Learning to Code no longer good advice - bryanrasmussen
https://www.linkedin.com/pulse/learning-code-yields-diminishing-returns-douglas-rushkoff
======
dino-neil
I agree with a lot of things this article says, displacing labour, short term
'money-saving' projects reducing the health of our economy etc...

But the idea that we will have 'too many' techies is absurb. At least in the
UK, kids coming out of school have no idea how this IT stuff works. It's just
a magical iPad to them.

The world is becoming increasingly focused on technology, and the general
public has no idea how any of it _actually_ works. I'm not talking about
transistors and 1's and 0's. I'm talking about databases, text editors and
command lines. How are the youth of today supposed to gain exposure to this
stuff, when installing a program means typing in the name and and clicking
'Get' in the App Store?

Stuff like Minecraft helps, but the desktop PC is no longer something that
families tend to have lying around. My 7 year old niece can use her iPhone,
but if I put her in front of a keyboard, she would be clueless.

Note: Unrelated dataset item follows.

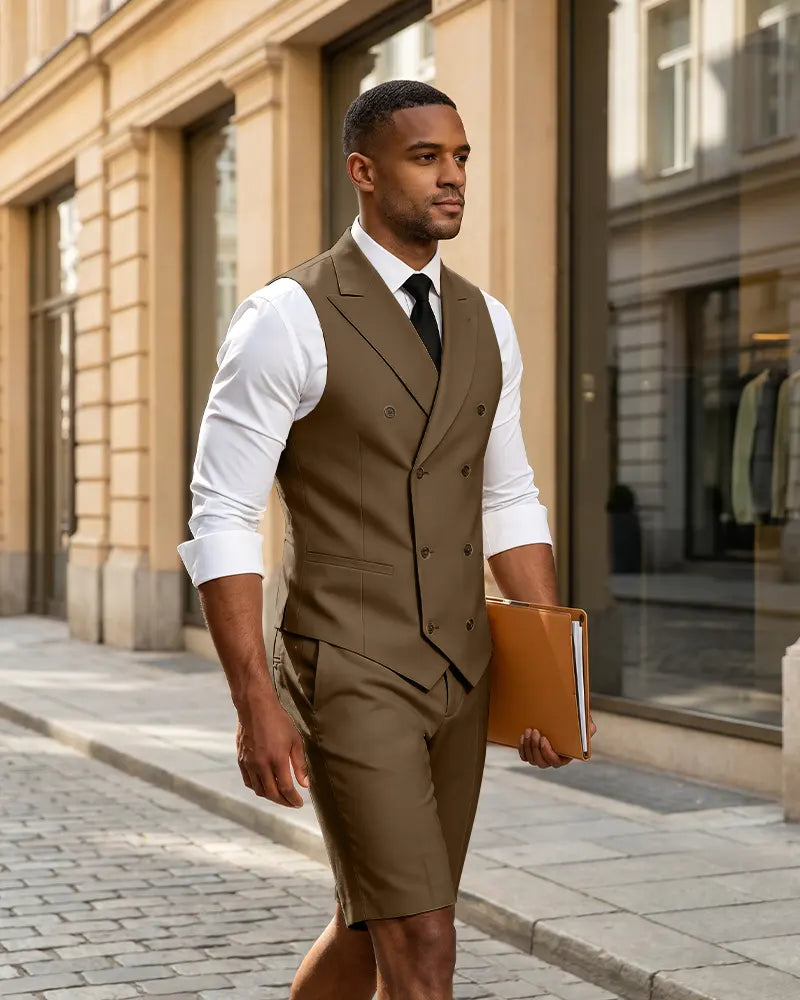2 Piece Slim Fit Double Breasted Vest Matching Shorts Suit-Dark Brown-1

Maybe tools will evolve, but people will still have to make the tools.

------
supercoder
Yep, general programmers are the blue collar workers of this generation.

It's important to understand the technology but just programming alone is not
enough of a valuable skill to separate someone.

------
protomok
The author lists 3 reasons (2 are essentially the same argument) why ""learn
to code" is looking like bad advice."...I disagree with all of them...

> CODING CAN’T SAVE YOU

The author essentially states that coding will increasingly be outsourced and
so don't bother. But this logic assumes that the size of the market is
static...in fact it is not.

Literally every industry right now is already or on the verge of being
dramatically changed by technology. Even traditional companies IKEA to
McDonalds are turning themselves into tech companies, and all of these
companies need coders. Regarding "learning code is hard"...yes...it is. But it
is immensely rewarding and provides a very in demand skill set.

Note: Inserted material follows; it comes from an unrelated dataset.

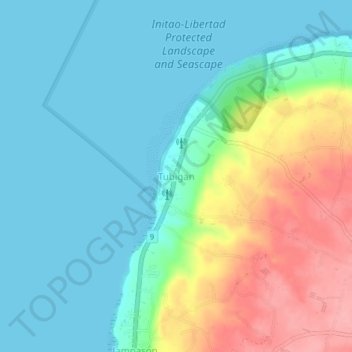 Mapa topográfico Tubigan, altitude, relevo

> TRAINING OUR ROBO-REPLACEMENTS

> HIGH-TECH UNEMPLOYMENT

I'm not disputing that automation will trigger widespread job losses but an
individual is still far better to be the robo training worker than the person
being replaced by a robot. If learning to code is such bad advise what
alternative does he propose for the individual? Deny the fact that high tech
is disrupting traditional industries?

My two cents.

------
untog
An immediate thought here is that learning _data_ may be better than learning
code. When I was just starting out I was an "admin assistant" at various
companies - I lost track of the number of poorly structured Excel spreadsheets
I found that contained all of the data required, but in a format that made
them utterly impossible to parse programatically.

Not that people shouldn't learn to code if they can. But learn to use Excel,
and when you should turn that spreadsheet into a database. You don't need to
learn a new programming language for that, just some broad concepts.

------
brador
Learn to create things that provide value to the world and can make you money.

Code is one of them. There are others. Carpentry, art, product design...

------
retrogradeorbit
The link sends me to the linkedin login page.